Katia et Marielle Labèque s’engagent pour la musique contemporaine auprès de nombreux compositeurs

Tandis que leur discographie s’étoffe (un disque par an en moyenne !), les concerts affluent. Elles jouent avec les philharmoniques de Berlin, Londres, ou encore Los Angeles. Elles se produisent aussi bien dans des petites salles que lors d’événements de masse, comme les Proms de Londres ou la Summer Night de Vienne. Elles s’aventurent dans le répertoire baroque, mais restent fidèles à la musique contemporaine. En 1972, elles rencontrent Luciano Berio.
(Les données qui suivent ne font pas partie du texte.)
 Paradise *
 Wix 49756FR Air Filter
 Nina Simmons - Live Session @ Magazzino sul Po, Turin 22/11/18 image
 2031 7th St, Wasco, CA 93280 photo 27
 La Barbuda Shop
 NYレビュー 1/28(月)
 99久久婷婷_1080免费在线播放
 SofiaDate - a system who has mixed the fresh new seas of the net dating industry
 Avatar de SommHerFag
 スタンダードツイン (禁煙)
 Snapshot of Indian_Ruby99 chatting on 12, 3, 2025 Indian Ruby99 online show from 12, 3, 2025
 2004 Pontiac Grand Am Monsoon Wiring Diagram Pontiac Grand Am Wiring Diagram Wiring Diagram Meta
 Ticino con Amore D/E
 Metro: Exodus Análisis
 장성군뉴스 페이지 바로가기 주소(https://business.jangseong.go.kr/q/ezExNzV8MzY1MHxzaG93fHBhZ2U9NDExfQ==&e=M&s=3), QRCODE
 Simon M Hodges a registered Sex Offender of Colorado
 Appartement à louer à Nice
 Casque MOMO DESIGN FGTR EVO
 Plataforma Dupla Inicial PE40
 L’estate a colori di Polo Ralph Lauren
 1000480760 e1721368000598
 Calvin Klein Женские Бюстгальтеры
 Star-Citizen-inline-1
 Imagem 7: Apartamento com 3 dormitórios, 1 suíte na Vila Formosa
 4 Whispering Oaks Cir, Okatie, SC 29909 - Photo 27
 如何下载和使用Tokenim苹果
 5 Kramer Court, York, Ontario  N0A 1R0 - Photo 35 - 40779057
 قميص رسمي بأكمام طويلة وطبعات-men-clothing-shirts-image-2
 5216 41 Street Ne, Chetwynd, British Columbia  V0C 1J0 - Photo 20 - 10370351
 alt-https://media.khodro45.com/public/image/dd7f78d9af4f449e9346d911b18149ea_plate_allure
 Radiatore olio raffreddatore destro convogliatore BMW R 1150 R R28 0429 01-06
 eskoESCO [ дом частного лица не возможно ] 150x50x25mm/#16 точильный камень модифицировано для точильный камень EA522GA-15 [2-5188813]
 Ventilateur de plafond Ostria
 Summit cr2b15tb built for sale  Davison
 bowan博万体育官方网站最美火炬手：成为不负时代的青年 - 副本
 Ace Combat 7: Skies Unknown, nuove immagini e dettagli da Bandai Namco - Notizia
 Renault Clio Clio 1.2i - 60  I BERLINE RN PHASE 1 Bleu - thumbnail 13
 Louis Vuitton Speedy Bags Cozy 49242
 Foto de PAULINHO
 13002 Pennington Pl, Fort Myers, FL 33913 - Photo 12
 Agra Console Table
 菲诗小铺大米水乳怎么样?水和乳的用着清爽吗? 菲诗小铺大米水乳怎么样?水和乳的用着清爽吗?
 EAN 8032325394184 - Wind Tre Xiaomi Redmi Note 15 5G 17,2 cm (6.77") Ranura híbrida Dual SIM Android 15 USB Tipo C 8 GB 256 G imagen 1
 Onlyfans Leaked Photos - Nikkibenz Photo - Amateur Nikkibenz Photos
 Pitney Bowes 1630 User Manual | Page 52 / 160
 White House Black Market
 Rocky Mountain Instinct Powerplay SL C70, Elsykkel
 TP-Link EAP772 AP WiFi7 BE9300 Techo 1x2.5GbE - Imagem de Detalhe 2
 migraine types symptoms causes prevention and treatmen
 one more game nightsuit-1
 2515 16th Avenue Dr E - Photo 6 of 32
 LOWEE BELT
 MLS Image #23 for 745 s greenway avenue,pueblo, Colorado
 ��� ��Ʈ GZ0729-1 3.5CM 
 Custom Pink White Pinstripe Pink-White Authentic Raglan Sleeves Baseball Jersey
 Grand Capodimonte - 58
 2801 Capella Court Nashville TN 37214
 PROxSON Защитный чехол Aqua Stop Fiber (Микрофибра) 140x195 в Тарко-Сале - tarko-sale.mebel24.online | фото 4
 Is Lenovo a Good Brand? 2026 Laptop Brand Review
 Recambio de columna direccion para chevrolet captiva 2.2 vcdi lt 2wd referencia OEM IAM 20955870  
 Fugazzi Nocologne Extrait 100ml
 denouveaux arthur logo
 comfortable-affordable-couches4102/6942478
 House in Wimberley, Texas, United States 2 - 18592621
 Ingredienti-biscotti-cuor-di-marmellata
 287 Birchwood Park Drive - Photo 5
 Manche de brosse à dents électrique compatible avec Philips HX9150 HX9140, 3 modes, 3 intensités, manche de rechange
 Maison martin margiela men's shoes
Elles assurent la première européenne de son Concerto pour deux pianos, avant qu’il ne leur écrive Linea quelques années plus tard. Il est loin d’être le seul à composer pour les deux sœurs. Philippe Boesmans collabore avec elles à trois reprises : Sur Mi (1974), Multiples avec orchestre (1977), et Capriccio (2011). Parmi les œuvres créées par Katia et Marielle Labèque, on peut encore citer le Concerto de John Zorn (2001), The Hague Hacking de Louis Andriessen (2009), La Pasion Segun San Marcos avec orchestre de Oslavo Golijov-Gonzalo (2010), ou The Battlefield avec orchestre de Richard Dubugnon (2011). En 2011, elles abordent le minimalisme dans le projet 50 Years of Minimalism, autour d’œuvres de John Cage, Steve Reich, Arvo Pärt ou encore Michael Nyman.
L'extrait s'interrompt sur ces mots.